━━━ DATA UNDER STUDY

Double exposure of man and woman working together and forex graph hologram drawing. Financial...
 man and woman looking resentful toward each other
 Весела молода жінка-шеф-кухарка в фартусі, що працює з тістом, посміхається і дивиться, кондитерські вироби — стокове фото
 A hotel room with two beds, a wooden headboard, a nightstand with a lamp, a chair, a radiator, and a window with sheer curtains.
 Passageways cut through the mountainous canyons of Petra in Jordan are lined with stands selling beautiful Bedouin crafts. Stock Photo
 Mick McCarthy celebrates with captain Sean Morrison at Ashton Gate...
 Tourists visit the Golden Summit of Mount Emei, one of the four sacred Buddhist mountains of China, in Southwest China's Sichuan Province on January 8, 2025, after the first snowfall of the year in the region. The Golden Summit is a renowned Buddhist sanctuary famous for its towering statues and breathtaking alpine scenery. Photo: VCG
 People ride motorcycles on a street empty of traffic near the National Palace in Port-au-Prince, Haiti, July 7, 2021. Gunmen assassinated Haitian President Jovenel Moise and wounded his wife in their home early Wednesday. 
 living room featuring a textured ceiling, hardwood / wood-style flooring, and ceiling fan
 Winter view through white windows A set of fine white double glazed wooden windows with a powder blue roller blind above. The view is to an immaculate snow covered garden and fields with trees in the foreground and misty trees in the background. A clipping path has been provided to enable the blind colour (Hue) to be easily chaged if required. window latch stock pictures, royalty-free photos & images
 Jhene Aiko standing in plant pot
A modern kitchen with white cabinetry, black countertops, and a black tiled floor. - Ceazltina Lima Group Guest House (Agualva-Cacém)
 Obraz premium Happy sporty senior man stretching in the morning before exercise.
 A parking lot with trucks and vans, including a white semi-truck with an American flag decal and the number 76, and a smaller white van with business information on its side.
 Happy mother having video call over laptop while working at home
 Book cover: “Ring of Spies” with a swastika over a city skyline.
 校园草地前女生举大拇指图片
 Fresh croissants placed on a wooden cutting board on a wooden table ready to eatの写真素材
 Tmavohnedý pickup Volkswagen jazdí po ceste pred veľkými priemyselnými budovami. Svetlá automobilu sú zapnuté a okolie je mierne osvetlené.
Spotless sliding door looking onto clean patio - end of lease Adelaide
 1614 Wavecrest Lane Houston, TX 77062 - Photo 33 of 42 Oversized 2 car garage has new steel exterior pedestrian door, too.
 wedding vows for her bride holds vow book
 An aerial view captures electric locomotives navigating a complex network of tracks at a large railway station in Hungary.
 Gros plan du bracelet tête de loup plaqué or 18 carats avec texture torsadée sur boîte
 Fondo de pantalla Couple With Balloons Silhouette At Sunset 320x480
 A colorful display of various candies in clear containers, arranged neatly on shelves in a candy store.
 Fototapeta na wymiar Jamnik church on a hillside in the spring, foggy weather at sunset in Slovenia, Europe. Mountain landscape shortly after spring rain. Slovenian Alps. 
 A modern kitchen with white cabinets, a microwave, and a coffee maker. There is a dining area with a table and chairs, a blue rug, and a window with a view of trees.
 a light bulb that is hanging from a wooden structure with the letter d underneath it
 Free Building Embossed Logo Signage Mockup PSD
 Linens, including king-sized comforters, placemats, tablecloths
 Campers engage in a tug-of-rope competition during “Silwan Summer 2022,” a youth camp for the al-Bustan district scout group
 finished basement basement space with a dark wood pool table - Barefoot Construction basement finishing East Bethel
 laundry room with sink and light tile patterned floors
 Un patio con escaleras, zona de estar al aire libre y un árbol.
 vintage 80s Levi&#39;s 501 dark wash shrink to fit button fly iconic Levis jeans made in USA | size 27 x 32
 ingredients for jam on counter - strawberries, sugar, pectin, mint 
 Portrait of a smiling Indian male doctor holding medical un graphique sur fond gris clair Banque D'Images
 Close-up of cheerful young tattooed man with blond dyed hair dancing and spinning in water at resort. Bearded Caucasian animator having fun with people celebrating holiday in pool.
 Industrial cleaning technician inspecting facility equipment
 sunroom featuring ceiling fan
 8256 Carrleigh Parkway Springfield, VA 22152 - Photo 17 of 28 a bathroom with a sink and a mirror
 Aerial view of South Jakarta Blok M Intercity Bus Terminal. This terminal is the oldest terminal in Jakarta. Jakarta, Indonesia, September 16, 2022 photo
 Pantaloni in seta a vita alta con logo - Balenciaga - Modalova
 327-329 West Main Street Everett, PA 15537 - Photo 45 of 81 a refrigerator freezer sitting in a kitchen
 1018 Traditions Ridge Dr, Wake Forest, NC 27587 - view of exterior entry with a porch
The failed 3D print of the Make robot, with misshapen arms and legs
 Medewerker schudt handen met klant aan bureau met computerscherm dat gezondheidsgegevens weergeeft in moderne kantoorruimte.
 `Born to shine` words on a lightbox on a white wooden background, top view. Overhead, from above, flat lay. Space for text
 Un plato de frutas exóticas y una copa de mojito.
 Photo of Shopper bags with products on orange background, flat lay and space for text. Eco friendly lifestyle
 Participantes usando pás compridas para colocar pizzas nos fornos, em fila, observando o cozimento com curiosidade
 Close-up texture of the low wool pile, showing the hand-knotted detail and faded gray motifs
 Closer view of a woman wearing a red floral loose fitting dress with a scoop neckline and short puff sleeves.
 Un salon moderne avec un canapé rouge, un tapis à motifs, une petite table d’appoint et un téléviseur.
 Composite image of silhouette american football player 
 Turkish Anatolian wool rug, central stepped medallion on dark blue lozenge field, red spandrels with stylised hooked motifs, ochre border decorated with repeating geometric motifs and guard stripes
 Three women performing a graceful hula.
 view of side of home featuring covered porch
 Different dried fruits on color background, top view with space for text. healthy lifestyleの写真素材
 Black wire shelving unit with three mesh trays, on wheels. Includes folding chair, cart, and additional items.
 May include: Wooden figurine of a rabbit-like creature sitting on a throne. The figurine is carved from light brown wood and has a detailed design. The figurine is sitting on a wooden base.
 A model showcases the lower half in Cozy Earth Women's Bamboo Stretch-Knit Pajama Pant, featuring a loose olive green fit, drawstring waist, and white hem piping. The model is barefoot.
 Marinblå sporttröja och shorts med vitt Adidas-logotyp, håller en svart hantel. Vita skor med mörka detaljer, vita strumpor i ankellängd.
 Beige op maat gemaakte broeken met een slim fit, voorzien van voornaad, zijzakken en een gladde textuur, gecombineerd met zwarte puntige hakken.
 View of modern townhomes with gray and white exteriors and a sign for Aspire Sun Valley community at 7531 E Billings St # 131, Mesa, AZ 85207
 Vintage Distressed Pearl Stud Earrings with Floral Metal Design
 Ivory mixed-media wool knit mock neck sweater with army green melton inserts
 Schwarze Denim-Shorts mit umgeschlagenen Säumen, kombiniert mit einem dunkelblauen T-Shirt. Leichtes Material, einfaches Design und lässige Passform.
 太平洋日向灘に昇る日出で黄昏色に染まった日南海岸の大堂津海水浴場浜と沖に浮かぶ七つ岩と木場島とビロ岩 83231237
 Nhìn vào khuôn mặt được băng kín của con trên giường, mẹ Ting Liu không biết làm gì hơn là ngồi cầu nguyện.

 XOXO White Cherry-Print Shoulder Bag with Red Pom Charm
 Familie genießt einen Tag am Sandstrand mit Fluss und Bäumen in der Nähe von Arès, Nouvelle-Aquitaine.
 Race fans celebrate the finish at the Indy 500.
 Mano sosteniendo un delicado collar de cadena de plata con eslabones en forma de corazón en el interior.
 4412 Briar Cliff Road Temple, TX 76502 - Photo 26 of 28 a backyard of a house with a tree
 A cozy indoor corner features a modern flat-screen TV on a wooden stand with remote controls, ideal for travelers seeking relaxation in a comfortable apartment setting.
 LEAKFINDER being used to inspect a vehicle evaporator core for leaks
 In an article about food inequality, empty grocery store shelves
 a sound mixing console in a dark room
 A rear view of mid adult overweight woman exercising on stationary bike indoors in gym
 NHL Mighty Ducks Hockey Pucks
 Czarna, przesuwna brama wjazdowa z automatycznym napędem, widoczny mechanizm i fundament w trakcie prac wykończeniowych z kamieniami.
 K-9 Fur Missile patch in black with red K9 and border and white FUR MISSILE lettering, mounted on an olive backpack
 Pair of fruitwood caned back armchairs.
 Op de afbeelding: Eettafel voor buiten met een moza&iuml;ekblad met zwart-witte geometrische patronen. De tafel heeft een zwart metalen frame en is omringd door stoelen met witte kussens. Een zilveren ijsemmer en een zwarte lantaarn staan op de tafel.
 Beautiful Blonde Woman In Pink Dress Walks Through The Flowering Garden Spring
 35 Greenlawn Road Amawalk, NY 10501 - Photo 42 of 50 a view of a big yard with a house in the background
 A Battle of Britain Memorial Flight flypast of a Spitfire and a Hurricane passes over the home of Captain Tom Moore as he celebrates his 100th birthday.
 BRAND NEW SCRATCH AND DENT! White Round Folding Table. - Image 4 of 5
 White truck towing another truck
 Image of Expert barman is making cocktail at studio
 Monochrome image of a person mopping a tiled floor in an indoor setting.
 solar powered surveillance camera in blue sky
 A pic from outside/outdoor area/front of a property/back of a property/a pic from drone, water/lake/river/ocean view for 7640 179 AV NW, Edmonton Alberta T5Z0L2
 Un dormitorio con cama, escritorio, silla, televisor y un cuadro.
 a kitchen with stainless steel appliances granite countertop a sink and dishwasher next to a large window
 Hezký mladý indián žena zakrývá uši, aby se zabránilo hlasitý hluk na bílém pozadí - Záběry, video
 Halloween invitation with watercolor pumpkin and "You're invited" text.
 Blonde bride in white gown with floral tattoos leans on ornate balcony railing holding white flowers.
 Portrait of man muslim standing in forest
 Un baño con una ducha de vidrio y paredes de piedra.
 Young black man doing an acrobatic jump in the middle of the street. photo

━━━━━━

◆ EXERCISE GOAL ◆
Copy out only the lines of the records above from the one with "Obraz premium Happy" through the one with "A parking lot", exactly as they stand, both included.

◆ EXPECTED ANSWER ◆
 Obraz premium Happy sporty senior man stretching in the morning before exercise.
 A parking lot with trucks and vans, including a white semi-truck with an American flag decal and the number 76, and a smaller white van with business information on its side.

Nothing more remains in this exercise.